The Kenyan shilling is expected stay on the back foot, with inflows remaining subdued as exporters await the results of general elections due on Aug. 9.

Commercial banks quoted the shilling at 119.10/30 per dollar, compared with last Thursday's close of 118.70/90. The shilling's present level is an all-time low, according to Refinitiv data.

"On the demand side the oil sector and general merchants are rushing in to buy dollars before we break off for elections," one trader said.

"If everything goes well, we could see some flows coming in and demand reducing, which could help the shilling. If it doesn't then the shilling will remain weaker."

The vote could ramp up political risk, since two of the last three presidential votes have erupted in deadly violence.


The Ugandan shilling is forecast to weaken as strong demand for dollars from offshore investors, manufacturers and energy importers offsets scant inflows.

Commercial banks quoted the shilling at 3,875/3,895, compared with last Thursday's close of 3,855/3,865.

"The market is still heavily tilted toward depreciation I think, because appetite for hard currency remains strong while inflows are struggling to match," said an independent foreign exchange trader in the capital Kampala.

The local currency is 9.4% weaker against the dollar so far this year, according to Refinitiv data.


The kwacha will likely hold steady, supported by positive sentiment after official creditors agreed to restructure Zambia’s debt.

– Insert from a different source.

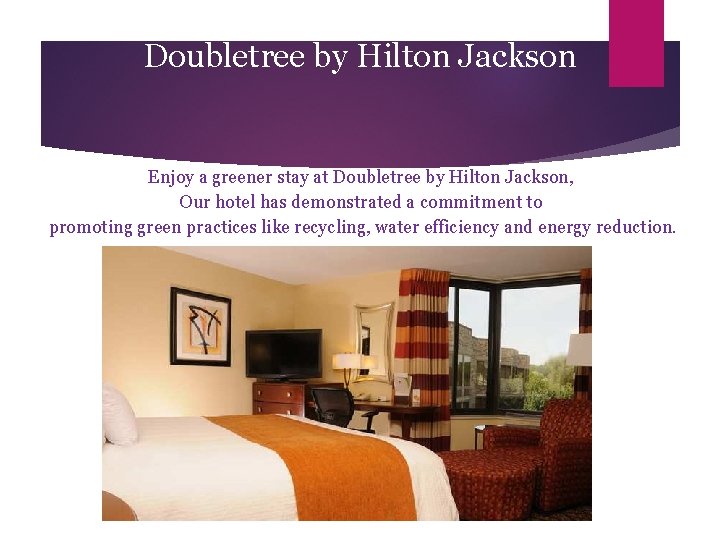 Doubletree by Hilton Jackson Enjoy a greener stay at Doubletree by Hilton Jackson, Our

On Thursday, commercial banks quoted the currency of Africa’s second-largest copper producer at 16.2300 per dollar versus a close of 16.3750 a week ago. “News of Zambia getting closer to an IMF deal is good for the kwacha,” one commercial bank trader said.

Zambia's creditors pledged to negotiate a restructuring of the country's debts on Saturday, a move IMF Managing Director Kristalina Georgieva welcomed as clearing the way for a $1.4 billion Fund programme.


Tanzania’s shilling is expected to hold steady, with inflows from foreign direct investment matching demand for dollars from the manufacturing and energy sectors.

Commercial banks quoted the shilling at 2,327/2,337 on Thursday, the same as last Thursday's close.

“We expect the shilling to remain steady ... supported by inflows from foreign direct investment and other sources,” Kristine Van Helsdingen, a forex dealer at AZA Finance, a Nairobi-based foreign currency trading firm, said.